23/Set/2022
Em novembro de 2021, a Comissão Europeia propôs uma regulamentação que visa coibir a importação de produtos associados ao desmatamento e degradação florestal, estabelecendo um sistema de diligência devida (due diligence) para os importadores. No dia 13 de setembro de 2022, o Parlamento Europeu aprovou mudanças na proposta. A futura regulamentação criará, em uma primeira fase, obrigações para os importadores de produtos de origem bovina (carnes, couro, animais vivos), carne de suínos, ovinos, caprinos e aves, cacau, café, óleo de palma e derivados à base de óleo de palma, soja, milho, borracha e madeira, produtos de carvão, papel impresso e produtos derivados. Esse movimento da União Europeia (UE) é uma das estratégias do “EU Green Deal” e busca aprimorar as regras comunitárias diante do desmatamento, degradação e conversão de florestas a fim de promover cadeias livres de desmatamento.

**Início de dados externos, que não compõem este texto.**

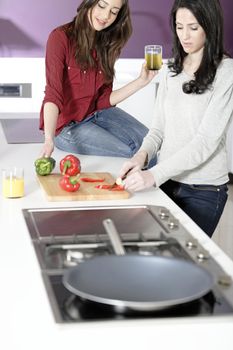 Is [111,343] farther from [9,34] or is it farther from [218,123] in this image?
[9,34]

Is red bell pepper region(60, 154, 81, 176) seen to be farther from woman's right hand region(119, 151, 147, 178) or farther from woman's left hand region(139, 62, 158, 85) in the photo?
woman's left hand region(139, 62, 158, 85)

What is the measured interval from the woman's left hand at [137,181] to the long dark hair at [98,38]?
3.09 feet

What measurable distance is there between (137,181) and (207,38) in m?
0.54

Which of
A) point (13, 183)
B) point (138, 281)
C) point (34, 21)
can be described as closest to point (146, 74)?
point (13, 183)

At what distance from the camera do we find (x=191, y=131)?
2359 millimetres

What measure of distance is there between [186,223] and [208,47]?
2.45ft

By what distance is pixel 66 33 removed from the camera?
2.90 metres

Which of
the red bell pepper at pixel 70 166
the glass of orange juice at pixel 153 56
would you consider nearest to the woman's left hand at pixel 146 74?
the glass of orange juice at pixel 153 56

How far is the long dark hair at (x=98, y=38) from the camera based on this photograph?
9.48 feet

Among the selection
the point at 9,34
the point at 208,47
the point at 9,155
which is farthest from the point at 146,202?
the point at 9,34

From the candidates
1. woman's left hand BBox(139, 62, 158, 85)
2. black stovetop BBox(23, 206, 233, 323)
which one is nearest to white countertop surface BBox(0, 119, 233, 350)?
black stovetop BBox(23, 206, 233, 323)

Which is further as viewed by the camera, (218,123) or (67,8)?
(67,8)

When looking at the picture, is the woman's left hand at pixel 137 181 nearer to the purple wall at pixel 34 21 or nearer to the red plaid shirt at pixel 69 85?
the red plaid shirt at pixel 69 85

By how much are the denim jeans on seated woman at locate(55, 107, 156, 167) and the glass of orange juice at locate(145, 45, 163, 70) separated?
0.30 meters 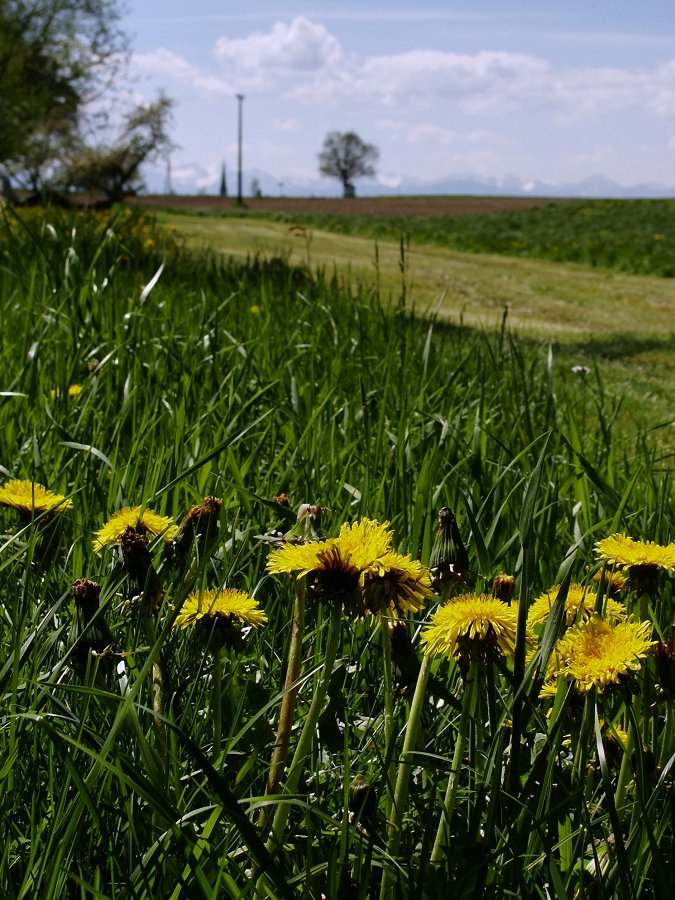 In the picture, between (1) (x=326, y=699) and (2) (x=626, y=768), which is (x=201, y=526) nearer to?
(1) (x=326, y=699)

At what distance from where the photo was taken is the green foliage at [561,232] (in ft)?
64.9

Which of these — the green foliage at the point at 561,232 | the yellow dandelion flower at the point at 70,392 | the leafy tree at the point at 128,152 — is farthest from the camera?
the leafy tree at the point at 128,152

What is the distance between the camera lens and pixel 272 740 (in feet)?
3.66

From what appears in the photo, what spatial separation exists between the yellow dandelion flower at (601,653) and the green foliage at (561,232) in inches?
668

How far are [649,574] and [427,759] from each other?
343 mm

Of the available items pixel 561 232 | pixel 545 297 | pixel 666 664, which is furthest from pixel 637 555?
pixel 561 232

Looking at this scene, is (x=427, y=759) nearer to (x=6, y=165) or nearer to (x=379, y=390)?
(x=379, y=390)

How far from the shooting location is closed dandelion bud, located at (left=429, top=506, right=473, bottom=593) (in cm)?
97

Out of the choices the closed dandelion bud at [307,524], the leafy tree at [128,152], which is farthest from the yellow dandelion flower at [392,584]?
the leafy tree at [128,152]

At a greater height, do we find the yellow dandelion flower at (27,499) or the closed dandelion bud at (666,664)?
the yellow dandelion flower at (27,499)

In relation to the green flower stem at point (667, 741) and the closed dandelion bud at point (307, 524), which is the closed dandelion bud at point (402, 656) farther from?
the green flower stem at point (667, 741)

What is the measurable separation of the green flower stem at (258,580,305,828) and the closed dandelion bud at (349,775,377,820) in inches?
3.0

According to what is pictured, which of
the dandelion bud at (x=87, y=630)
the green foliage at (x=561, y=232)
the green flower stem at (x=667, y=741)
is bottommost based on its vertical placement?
the green flower stem at (x=667, y=741)

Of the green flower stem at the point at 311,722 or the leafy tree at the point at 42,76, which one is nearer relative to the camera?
the green flower stem at the point at 311,722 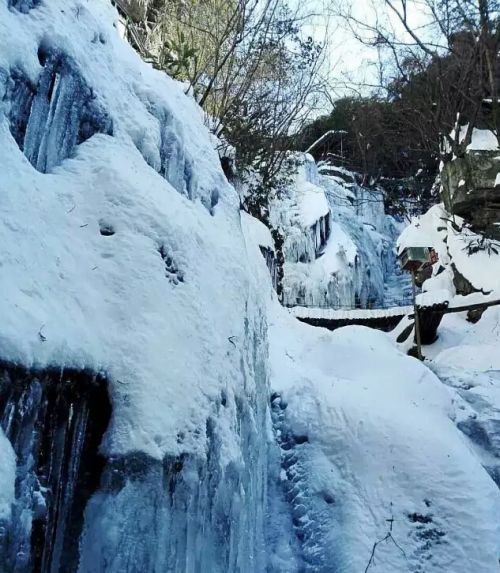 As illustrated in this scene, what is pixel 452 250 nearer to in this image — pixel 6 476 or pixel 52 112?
pixel 52 112

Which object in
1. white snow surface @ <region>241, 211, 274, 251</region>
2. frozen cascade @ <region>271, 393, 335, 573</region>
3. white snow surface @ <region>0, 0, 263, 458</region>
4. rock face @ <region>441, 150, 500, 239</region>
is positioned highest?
rock face @ <region>441, 150, 500, 239</region>

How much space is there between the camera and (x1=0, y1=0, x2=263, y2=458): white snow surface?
2484 millimetres

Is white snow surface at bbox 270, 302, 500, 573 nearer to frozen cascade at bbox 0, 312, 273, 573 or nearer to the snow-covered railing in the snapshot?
frozen cascade at bbox 0, 312, 273, 573

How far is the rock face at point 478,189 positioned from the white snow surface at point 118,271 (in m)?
8.08

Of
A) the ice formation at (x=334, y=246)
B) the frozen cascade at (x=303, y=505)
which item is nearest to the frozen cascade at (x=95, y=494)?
the frozen cascade at (x=303, y=505)

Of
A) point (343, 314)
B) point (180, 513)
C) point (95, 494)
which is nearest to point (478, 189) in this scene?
point (343, 314)

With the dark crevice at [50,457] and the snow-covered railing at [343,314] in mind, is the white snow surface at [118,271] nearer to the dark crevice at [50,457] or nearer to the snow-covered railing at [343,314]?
the dark crevice at [50,457]

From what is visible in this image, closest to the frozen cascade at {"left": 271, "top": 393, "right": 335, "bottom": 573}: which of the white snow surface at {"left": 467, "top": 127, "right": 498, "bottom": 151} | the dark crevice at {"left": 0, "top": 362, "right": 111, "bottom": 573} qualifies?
the dark crevice at {"left": 0, "top": 362, "right": 111, "bottom": 573}

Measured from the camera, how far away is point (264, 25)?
31.5 ft

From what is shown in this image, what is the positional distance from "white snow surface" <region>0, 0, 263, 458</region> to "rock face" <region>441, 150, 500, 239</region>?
26.5ft

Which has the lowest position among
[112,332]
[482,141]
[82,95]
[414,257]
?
[112,332]

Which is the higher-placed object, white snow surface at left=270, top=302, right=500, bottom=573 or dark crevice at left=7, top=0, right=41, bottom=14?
dark crevice at left=7, top=0, right=41, bottom=14

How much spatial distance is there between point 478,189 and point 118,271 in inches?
385

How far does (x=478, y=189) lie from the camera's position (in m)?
11.1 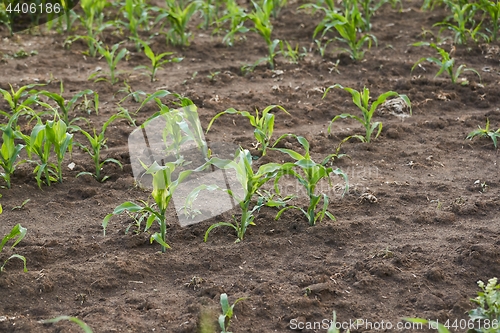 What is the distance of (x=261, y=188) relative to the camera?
371 centimetres

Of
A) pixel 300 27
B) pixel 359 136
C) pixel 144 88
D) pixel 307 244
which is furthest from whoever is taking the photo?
pixel 300 27

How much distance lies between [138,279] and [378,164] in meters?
1.66

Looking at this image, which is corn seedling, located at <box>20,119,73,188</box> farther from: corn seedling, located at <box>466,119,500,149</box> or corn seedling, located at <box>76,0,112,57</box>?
corn seedling, located at <box>466,119,500,149</box>

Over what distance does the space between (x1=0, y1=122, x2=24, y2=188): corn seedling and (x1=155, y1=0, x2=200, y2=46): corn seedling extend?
215cm

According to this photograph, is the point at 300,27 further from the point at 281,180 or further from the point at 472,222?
the point at 472,222

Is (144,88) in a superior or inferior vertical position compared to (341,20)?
inferior

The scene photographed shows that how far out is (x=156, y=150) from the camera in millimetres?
4117

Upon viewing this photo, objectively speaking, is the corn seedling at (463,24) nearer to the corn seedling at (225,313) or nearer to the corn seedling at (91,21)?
the corn seedling at (91,21)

Para a UE, a medida é necessária para contribuir com as metas de neutralidade climática até 2050 e com a transição para uma economia de baixa emissão de carbono. A proposta do Parlamento propõe proibir a importação de produtos associados a desmatamento e degradação florestal ocorrido após 31 de dezembro de 2019, e cria diversas regras que poderão obstar o comércio ou criar diversas obrigações que podem encarecer a importação. Reflete, na prática, um caso típico de medida de caráter ambiental que tem um potencial de criar restrições ao comércio internacional. A relação entre comércio e meio ambiente sempre esteve presente na agenda de comércio internacional desde as regras do antigo Acordo Geral sobre Tarifas e Comércio (GATT), especialmente após a aprovação do Código de Padrões de 1979.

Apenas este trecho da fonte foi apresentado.